Activity. Going line by line through the records below, write out everything starting with the line containing "Quaint home featuring" and going on through the line containing "A Shoulder Holster", exactly and inclusively. Pictures do not go in.

Recorded information.
------------------------------------
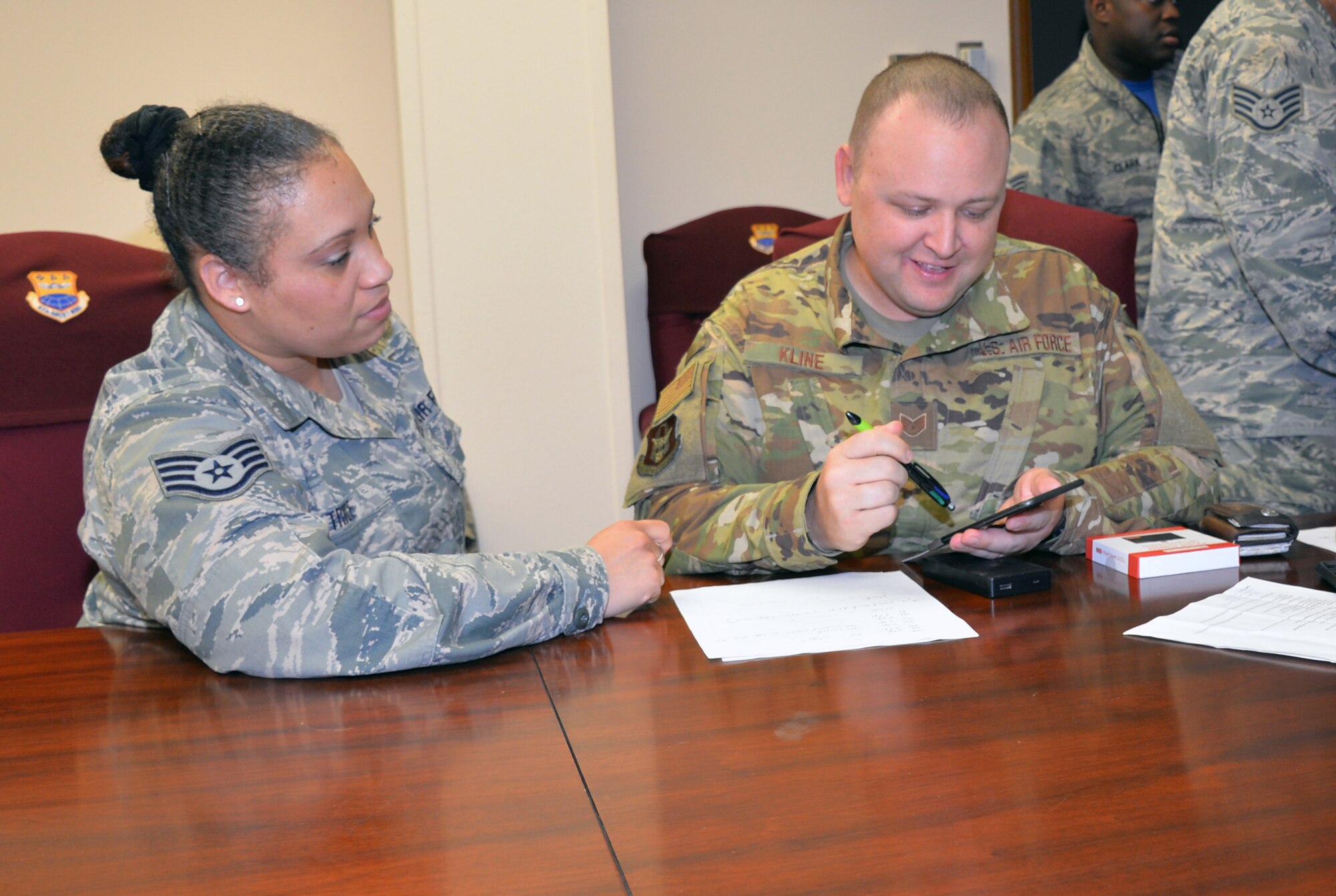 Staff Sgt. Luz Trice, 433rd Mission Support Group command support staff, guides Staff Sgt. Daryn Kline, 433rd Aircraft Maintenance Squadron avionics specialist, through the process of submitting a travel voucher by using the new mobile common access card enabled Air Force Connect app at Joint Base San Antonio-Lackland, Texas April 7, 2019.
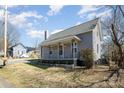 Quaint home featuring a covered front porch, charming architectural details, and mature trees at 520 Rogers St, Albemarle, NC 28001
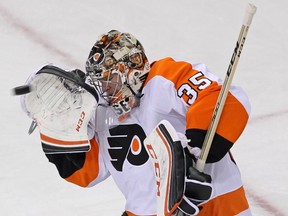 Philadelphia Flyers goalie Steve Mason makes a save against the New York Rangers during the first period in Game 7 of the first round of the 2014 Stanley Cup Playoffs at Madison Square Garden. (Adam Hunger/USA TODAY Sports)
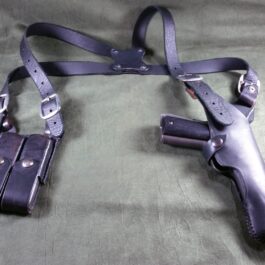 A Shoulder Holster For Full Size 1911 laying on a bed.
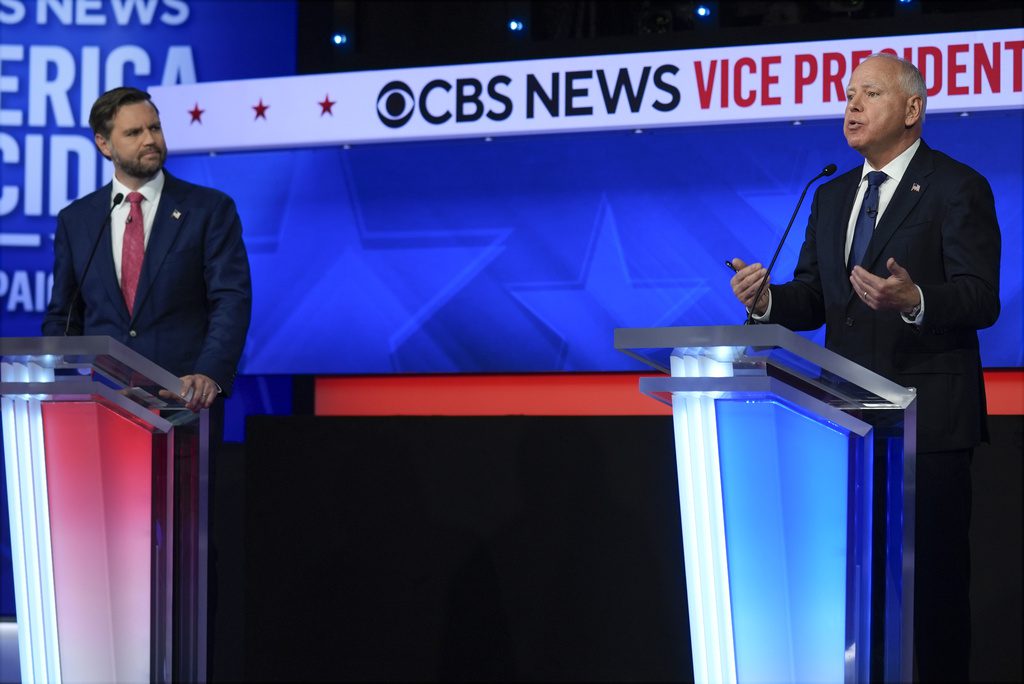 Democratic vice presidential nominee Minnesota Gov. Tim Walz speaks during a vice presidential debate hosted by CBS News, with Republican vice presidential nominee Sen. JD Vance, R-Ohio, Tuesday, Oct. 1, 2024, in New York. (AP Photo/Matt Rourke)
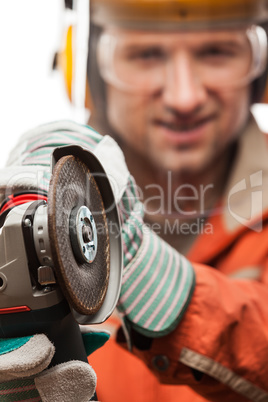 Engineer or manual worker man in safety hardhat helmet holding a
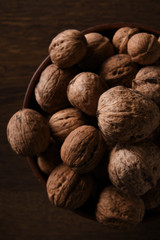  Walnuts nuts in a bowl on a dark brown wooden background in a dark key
------------------------------------
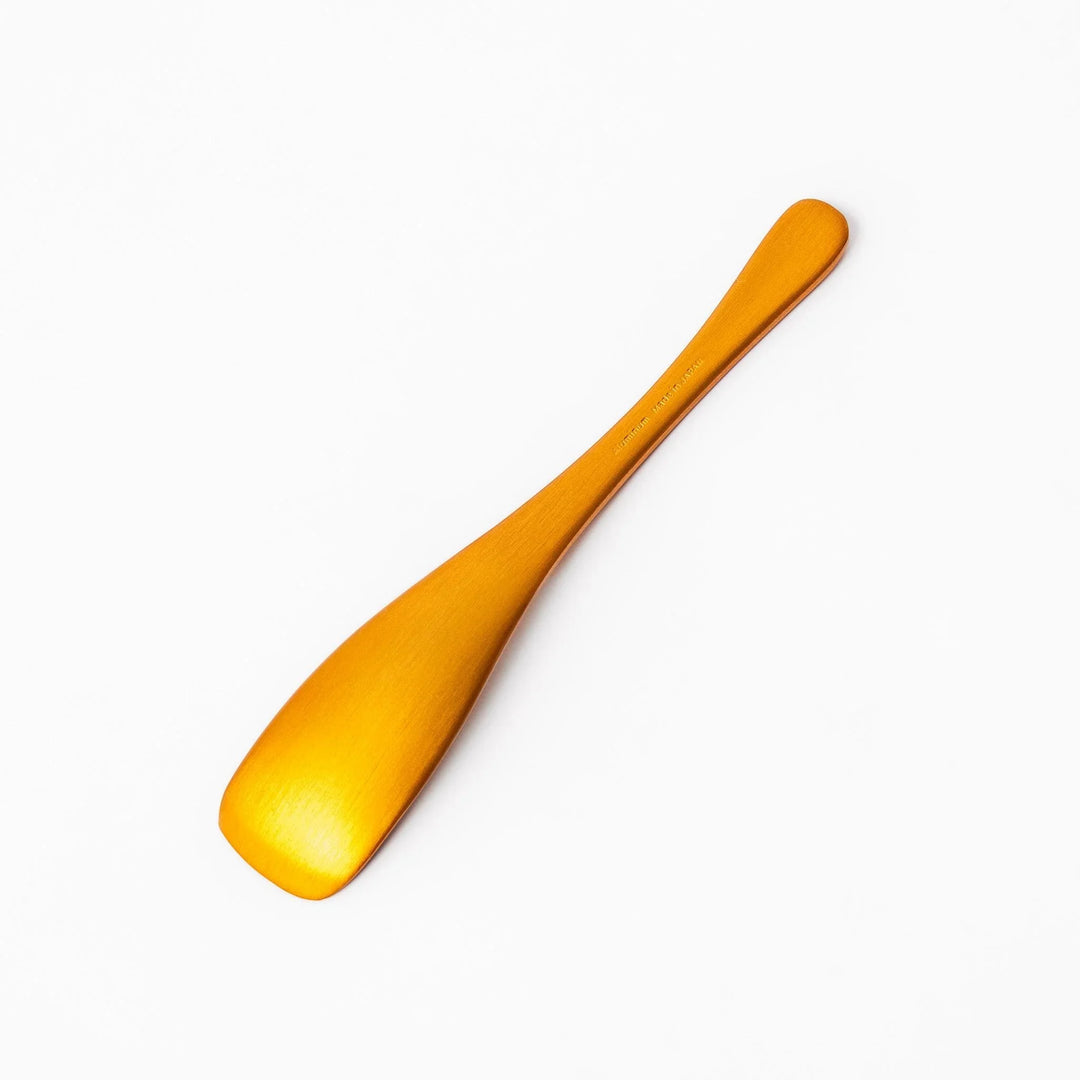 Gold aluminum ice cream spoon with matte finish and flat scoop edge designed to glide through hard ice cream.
------------------------------------
Response to the exercise.
 Quaint home featuring a covered front porch, charming architectural details, and mature trees at 520 Rogers St, Albemarle, NC 28001
 Philadelphia Flyers goalie Steve Mason makes a save against the New York Rangers during the first period in Game 7 of the first round of the 2014 Stanley Cup Playoffs at Madison Square Garden. (Adam Hunger/USA TODAY Sports)
 A Shoulder Holster For Full Size 1911 laying on a bed.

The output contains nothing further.